The Italian Pasta Capital Isn’t Where You Might Think – It’s in Abruzzo!
For devoted pasta lovers on a trip to Italy, there’s one town that should be on your must-see list. Sure, Rome is home to beloved pasta dishes like carbonara and amatriciana. And Naples has a huge concentration of pasta factories, including on the tiny street where Giada’s great-grandfather once made his own pasta. But only one place is known as “the Capital of Pasta”: Fara San Martino.
This tiny town (population 1,300) in the central region of Abruzzo sits at the foot of the Majella mountains, a stunning snow-capped range in the Apennines that is a protected national park. A Roman settlement some 2,000 years ago, the town’s modern origins lie with the Benedictine monks who built the monastery of San Martino in Valle here in the 10th century. While much of it was lost during the bombings of World War II, the town’s Via Terra Vecchia (“ancient land”) still shows the distinctive stone architecture of centuries gone by. Most importantly for the pasta, the town sits on the banks of the Verde River, which carries pristine mountain spring water down to the Adriatic Sea. It was to make use of that precious water that pasta makers first set up shop here in the late 19th century. With a close proximity to durum wheat farmers in the nearby plains and the best water in Italy, these intrepid pasta makers had everything they needed to produce some of the purest, most delicious pasta in the country.

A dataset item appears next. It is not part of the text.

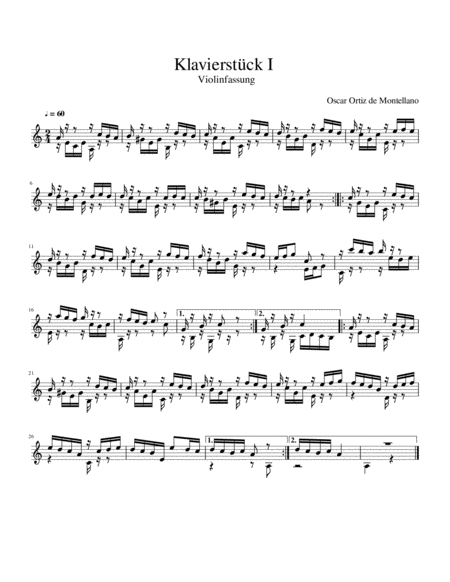 Free Sheet Music Klavierstck I Violinfassung Violin Version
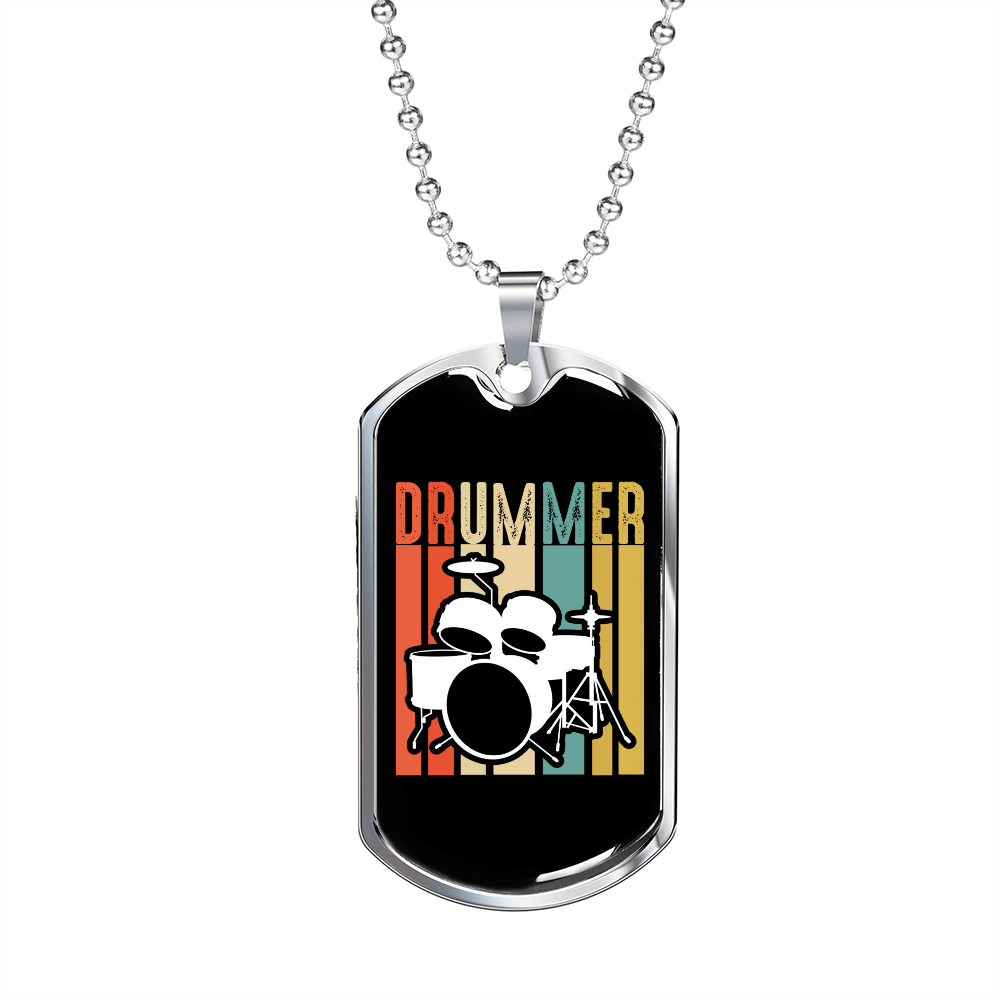 Drummer Necklace Drummer Colors Necklace Stainless Steel or 18k Gold Dog Tag 24" Chain-Express Your Love Gifts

Today, the town is home to four major pasta companies, the most notable of which is De Cecco, which you’ll probably recognize in your local grocery store. Pasta is Fara San Martino’s main industry, and it’s one that locals take very seriously. Every August, in fact, the town throws a two-day festival, the Sagra Della Pasta De Cecco, to celebrate all things pasta. Stop by the central piazza to taste their famous pastas, including Abruzzo’s regional favorite shape spaghetti chitarra, as well as other local delicacies.